In Bulgarien sind in Bezug auf ihren Glauben nur die Bulgaren diskriminiert. Denn die Muslime haben Religionsunterricht; es gibt hunderte Moscheen, die von außen finanziert wurden, das würde kein anderes Land erlauben, dass Ideologie finanziert wird. Die Armenier haben Religionsunterricht in ihren Gemeinden; gleiches gilt für Katholiken und Juden. Nur bulgarische Kinder haben keine Möglichkeit, Religionsunterricht zu besuchen, denn der Lehrplan erlaubt Religionsunterricht nur als Freifach.“

Die Forderung nach Religionsunterricht ist innerkirchlich aber nicht unumstritten. Gegen die Einführung ist Bischof Tichon:

„Ich weiß nicht, ob Religionsunterricht als Pflichtfach die beste Lösung ist, weil uns die Ressourcen für die Religionslehrer fehlen. Doch das würde auch der islamischen Gemeinschaft das Recht dazu einräumen. Und sie verfügt über Geld aus Saudi-Arabien und aus anderen Ländern mit Öl, und könnte sich viel schneller organisieren. Somit wäre eine derartige Regelung zum Nutzen der islamischen Gemeinschaft und nicht der orthodoxen Kirche.“

Zuverlässige Informationen über die Finanzkraft der Kirche fehlen. Zwar ist sie steuerbefreit, doch die Restitution ist noch nicht abgeschlossen. Priester erhalten von der Kirche einen Lohn von etwa 150 Euro im Monat. Der Verkauf von Devotionalien und vor allem von Kerzen ist eine zentrale Einnahmequelle. Hinzu kommen Gebühren für Taufen, Hochzeiten und Begräbnisse, die dem Priester verbleiben, der damit auch seine Familie ernähren muss. Eine Taufe kostet je nach Kirche und Region zwischen 20 und 40 Euro. …

1600 Priester soll es in Bulgarien geben aber nur 80 Mönche, die das Reservoir für künftige Bischöfe bilden.

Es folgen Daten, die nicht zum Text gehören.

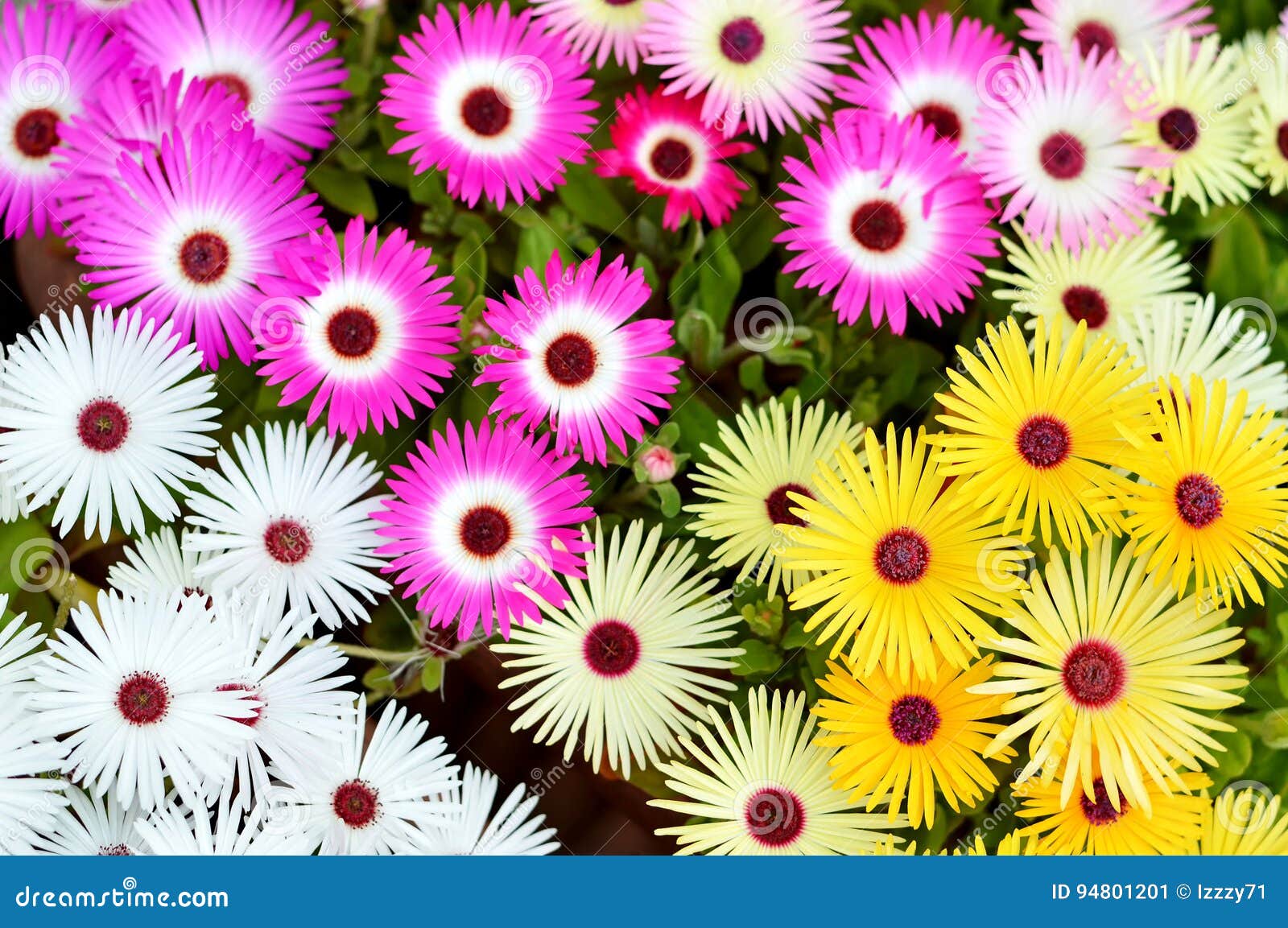 Top View of Livingstone Daisies Stock Image Image of color, floral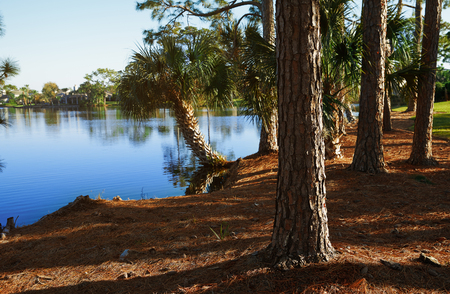 Palm trees growing next to the lake in Florida, USAの写真素材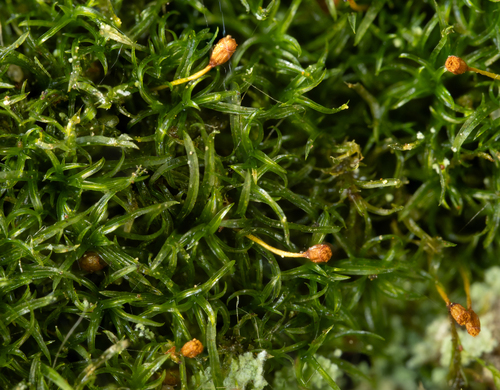 Rhabdoweisia crispata observed 2026-03-18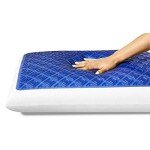 Sealy SealyChill Gel Memory Foam Pillow, Standard (Pack of 1)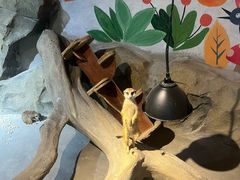 -绿色星球动物主题公园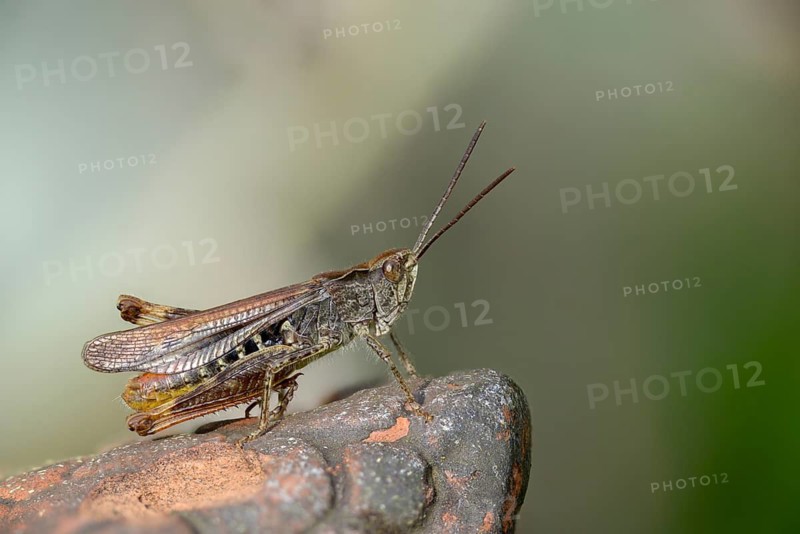 Acrididae, caelifera, field locusts, gomphocerinae, grasshoppers, short-feeler, nightingale grasshopper, bow-winged grasshopper, chorthippus biguttulus, grasshoppers, grasshoppers, insects, male, male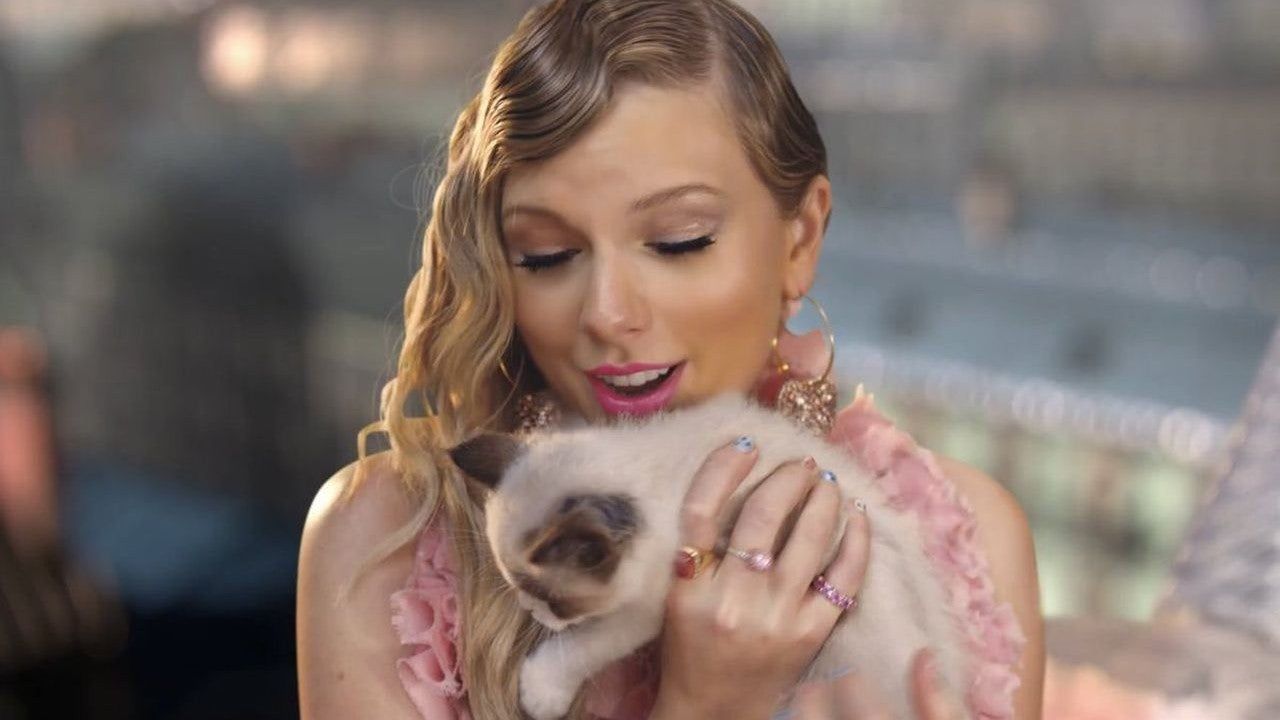 Taylor Swift Has a Cute New Cat - and He's Already a Music Video Star!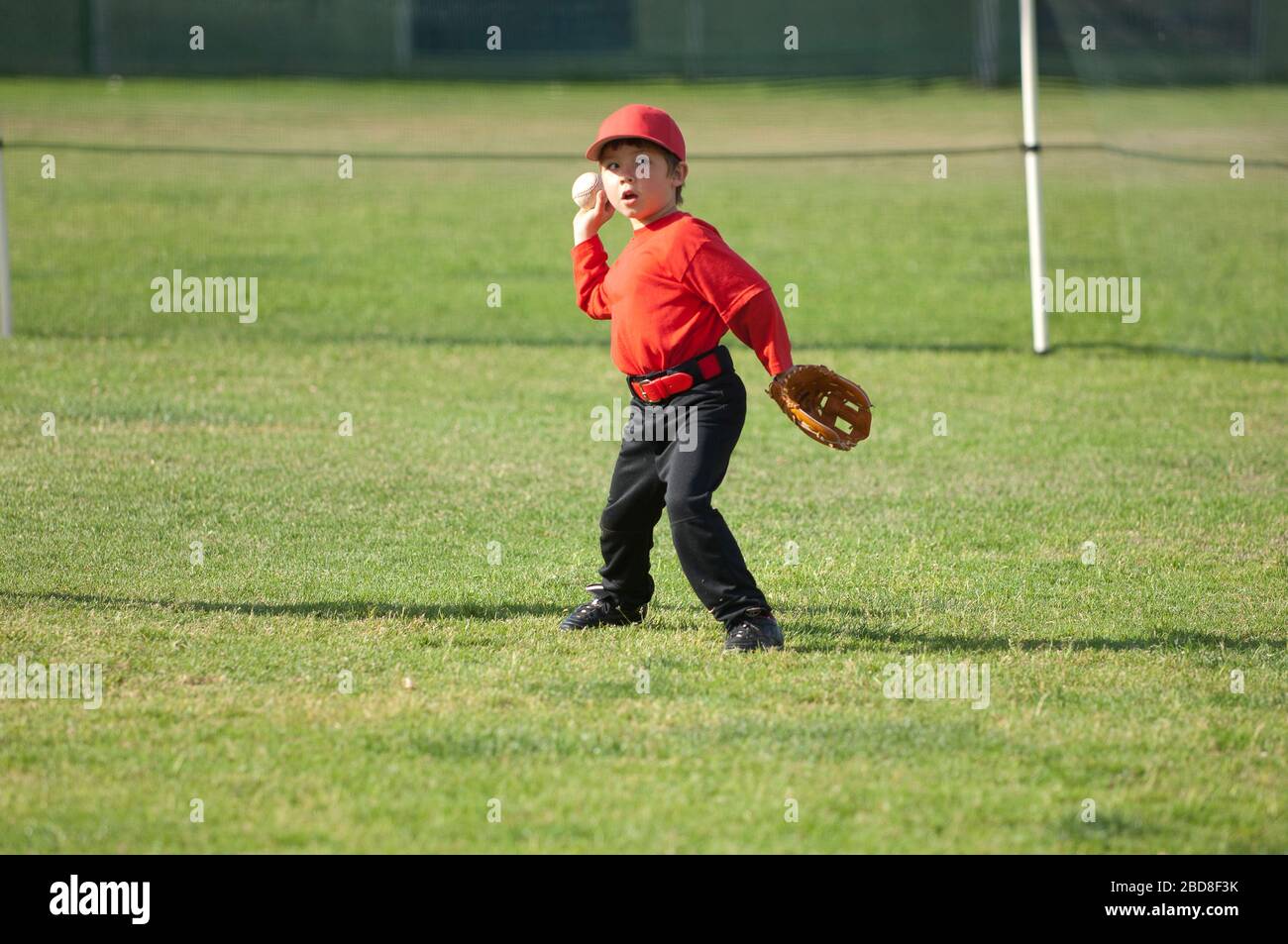 Un jeune garçon lance un baseball sur le terrain de Tball Banque D'Images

Acht von ihnen leben im weltberühmten Rila-Kloster, das ein großer Anziehungspunkt für Pilger und Touristen ist. …

Vor zehn Jahren besuchte Papst Johannes Paul der II. das Kloster. Seit seiner Bulgarien-Reise hat der Dialog zwischen katholischer und orthodoxer Kirche kaum Fortschritte gemacht. So stößt bei Vater Ioan bereits der Begriff Ökumene auf massive Ablehnung:

„Die Ökumene so wird die neue Häresie, die neue Ketzerei genannt – da wird Lüge mit Wahrheit vermischt; der Dialog darf nicht auf einem Kompromiss bei Glaubenswahrheiten beruhen, denn die Wahrheit ist Christus. Seine Lehre ist unverändert bewahrt in der heiligen orthodoxen Kirche; und obwohl Byzanz politisch gefallen ist, besteht es geistig weiter und der Träger ist die Orthodoxie. Diese orthodoxe Wahrheit wir die menschlichen Seelen retten bis zur erneuten Rückkehr von Jesus Christus.“

Gemäßigte Stimmen und Optimisten wie Bischof Tichon sind klar in der Minderheit:

„Ich behaupte, dass es beim Vatikan große Sympathien für unsere Kirche und unser Volk gibt. Jetzt gibt es einen ziemlichen Widerstand gegen die Ökumene, die nicht verstanden wir als Beitrag zur Entwicklung der Orthodoxie, sondern als etwas, das gegen die Orthodoxie gerichtet ist. Doch ich bin weiter Optimist und behaupte, dass eines Tages die historischen Wege der beiden Kirchen zusammenführen werden.“

Doch noch ist es lange nicht so weit, obwohl die Herausforderungen eines säkularisierten Bulgarien in einem säkularisierten Europa wohl genug Ansatzpunkte auch für eine Zusammenarbeit mit der katholischen Kirche bieten sollten.